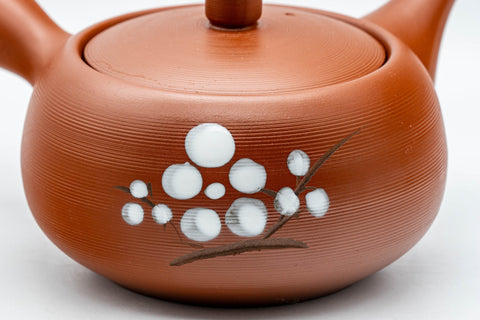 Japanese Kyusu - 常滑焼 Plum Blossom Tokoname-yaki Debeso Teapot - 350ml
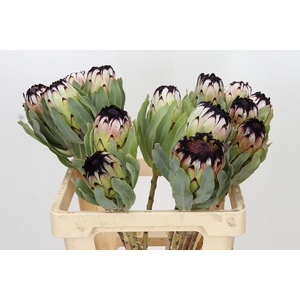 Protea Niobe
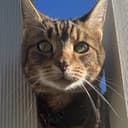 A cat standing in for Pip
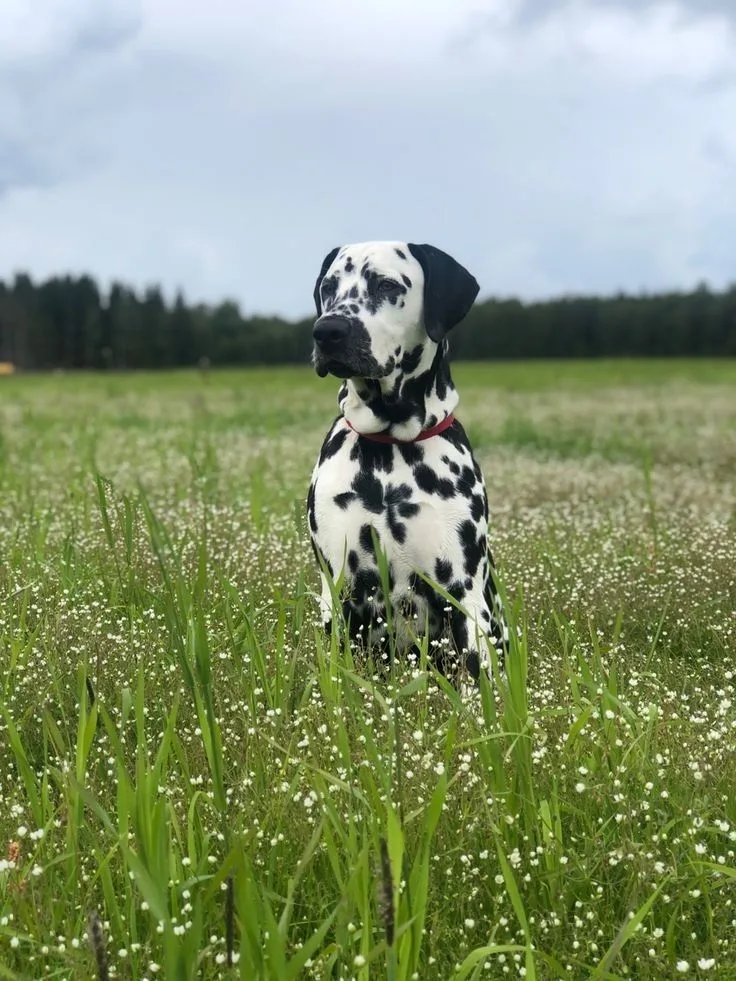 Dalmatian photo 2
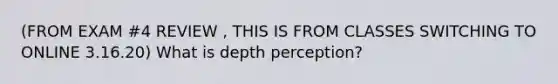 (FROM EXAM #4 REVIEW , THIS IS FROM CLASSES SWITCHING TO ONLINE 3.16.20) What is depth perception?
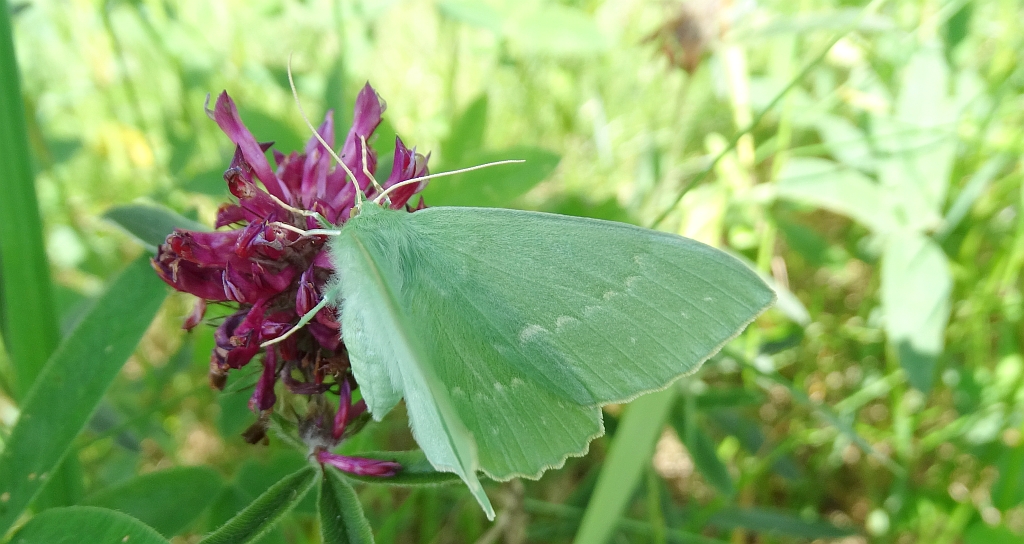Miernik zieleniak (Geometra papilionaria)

═══

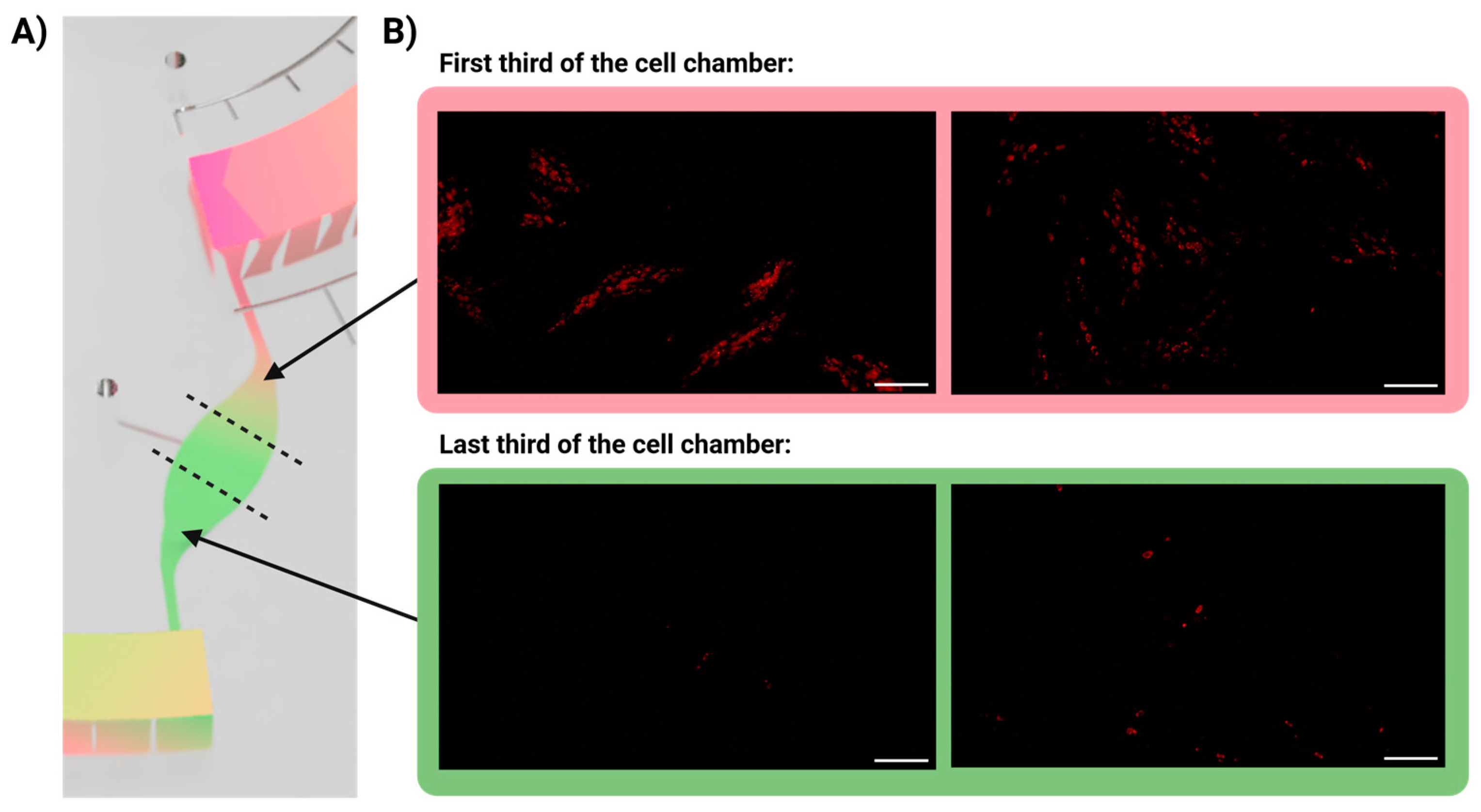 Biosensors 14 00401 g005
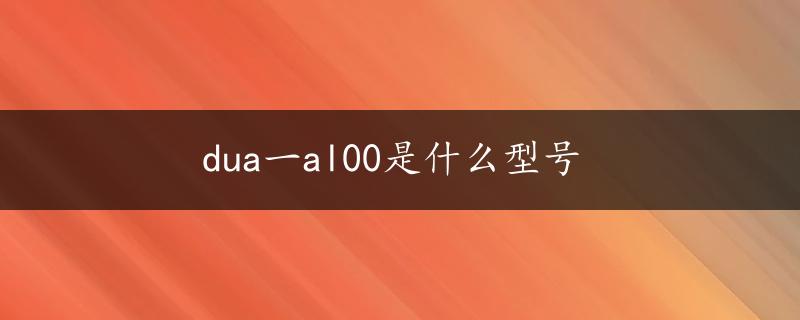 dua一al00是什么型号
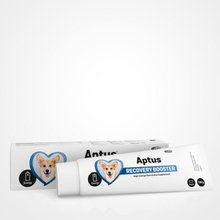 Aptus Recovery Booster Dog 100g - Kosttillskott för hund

═══

→ **Task to complete**:
Reproduce, exactly and only, the lines of the records above starting at the line with "A cat standing in for Pip" and ending at the line with "Miernik zieleniak (Geometra papilionaria)", both included. Leave every picture out.

→ **Exercise response**:
 A cat standing in for Pip
 Dalmatian photo 2
 (FROM EXAM #4 REVIEW , THIS IS FROM CLASSES SWITCHING TO ONLINE 3.16.20) What is depth perception?
Miernik zieleniak (Geometra papilionaria)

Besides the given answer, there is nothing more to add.